Nyon’s International Documentary Film festival – Visions du Réel begins this Thursday 12th April and continues until the 21st. This festival is for both film professionals and the general public, with hundreds of films on offer screened throughout the day and evening. Many films are in English or are subtitled in English. During the festival, there are other events taking place alongside the film screenings, from film masterclasses to debates with film directors and more. There’s even a temporary bar at the festival, a great meeting point right in the heart of town!
Two documentaries in English are coming up this weekend Barstow, California directed by Rainer Komers and Sisters, directed by Peter Entell. They are set in different countries and continents, yet both feature individuals whose lives have taken a sad turn due to events from their childhood.
Barstow, California – screening Saturday 14th April at 14:00, Sunday 15th at 10:00 at the Salle Communale
“Mama and Papa tried 15 times to have a girl baby, but they ended up with 15 boys”, narrates the rich voice of Spoon Jackson near the start of this film. Spoon is a poet but he is also an inmate, he began serving a life sentence without the possibility of parole in 1977. As he reads excerpts from his autobiography By Heart you immediately sense that life in the town was hard and tough for him growing up poor in a big family in a two-roomed shack in the town.
Many years ago, a previous director of Visions du Réel quoted this film festival as bringing the world to Nyon’s doorstep and with this film we are indeed transported into a place far removed from the 1260 postcode. Although Nyon and Barstow are similarly sized in population therein lies the only similarity. Present-day Barstow in the Mojave desert is barren, arid and dust-ridden. Tumbleweed abounds, summer temperatures can rise to 38°C, and the U.S Armed Forces National Training Centre in nearby Fort Irwin brings the noise of military helicopters, jeeps driving through the desert, and bombs exploding in military exercises.
This film is a fascinating portrait of the town and includes reminiscences of growing up in it by two of “Spoon’s” brothers and more narration by the author and poet from inside his cell. “I used to think a rainbow was made up of different coloured sidewalks, each one leading to its own mystery”.
The visual aspect of this film leaves the viewer with a deep impression of the town and landscape but the soundtrack is truly superb. The constant high pitched squeal of freight trains, the locking and unlocking of the prison doors, the soft easy going voices of the presenters on the local radio, the wind blowing through the desert scrubland all add to the image of this fascinating documentary.

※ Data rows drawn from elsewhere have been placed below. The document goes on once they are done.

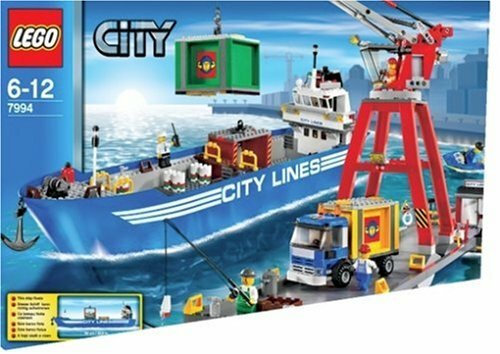 lego city harbour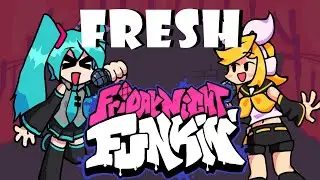 [Vocaloid] Friday Night Funkin'  - Fresh ft. Hatsune Miku & Kagamine Rin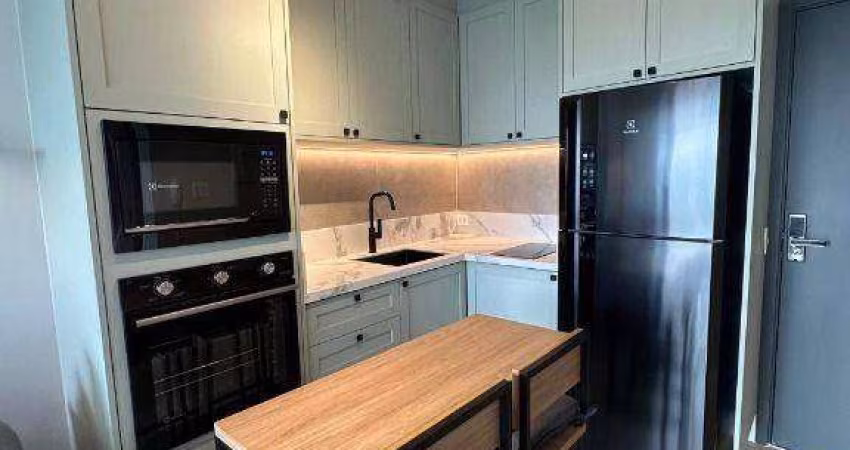 Apartamento com 1 dormitório, 40 m² - venda por R$ 1.060.000,00 ou aluguel por R$ 5.000,00/mês - Indianópolis - São Paulo/SP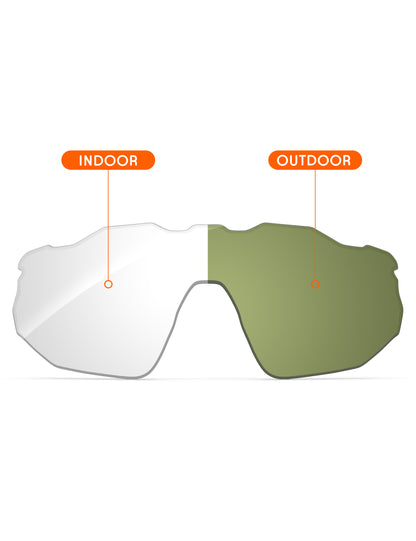 Adapt Green Photochromic-Non-Polarized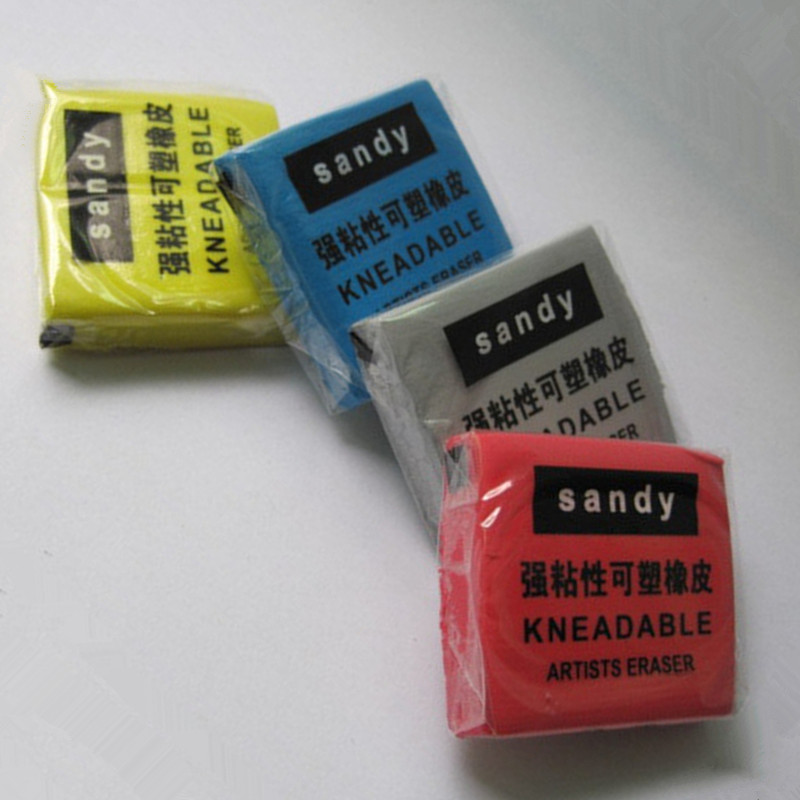 Kneadable Rubber Pastel Sketch – Rubber Eraser Kneaded Bewertung und Preis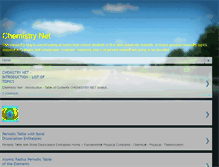 Tablet Screenshot of chem-net.blogspot.com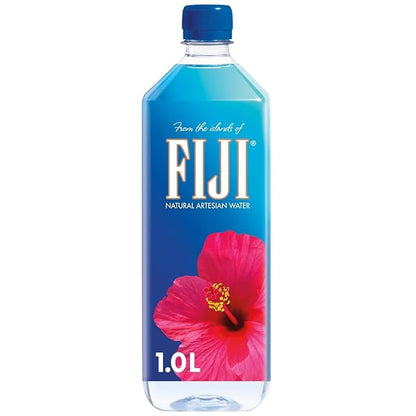 FIJI natural artesian water 1 liter bottle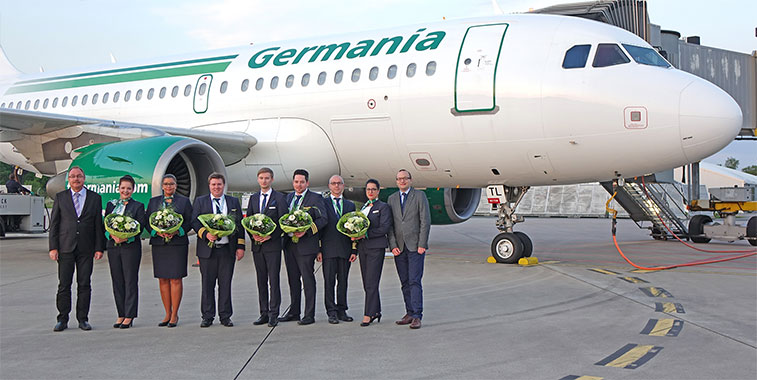 Germania gets going on 30 new routes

Sisters – Saturday 14th 20:30 and Sunday 15th 10:30 at the Capital Leone cinema
Whilst Spoon Jackson’s life came to a halt when he was sent to prison as a young man as the result of his own actions, the lives of two sisters growing up in Australia were decided upon by other adults. Adults who kept secrets, and chose not to tell each sister that each other existed. The sisters only discovered each other later in life.
The film “Sisters” by local filmmaker Peter Entell focusses on three women, two of them biological sisters and the other, Sian, a childhood friend from Switzerland. Throughout the years Sian has become like a sister to Shelly when she came to live in St-Cergue as a young child from Australia. The opening scene begins at a birthday party in Switzerland which is being held for Shelly. Here she is visiting as an adult, blowing out candles, opening presents, surrounded by old friends and all seems well. We see the two girls reminiscing about their childhood which seemed a happy one. They played in the snow, they wander around the village, visiting their old school, pointing out where they hung their coats in the hallway, how they had to take their shoes off before entering their Swiss classrooms, it all seems idyllic until we hear the voice of Sian saying “I never realised. I thought she (Shelly) was a happy clown, at least that’s the way she presented herself. She didn’t talk about it, she didn’t complain about it until a lot, lot later”.
Then it’s revealed that the happy childhood wasn’t all that it seemed. There is a darker side to it all and here, Linda, her biological sister takes up the story. The laughter and happiness in the scenes before suddenly turn into a sad, intimate moment in the film.
The destinies of the brothers in Barstow and the sisters in St-Cergue and Australia were shaped by events and circumstances that changed their lives forever. These have been poignantly observed in these two films which will be screened this weekend.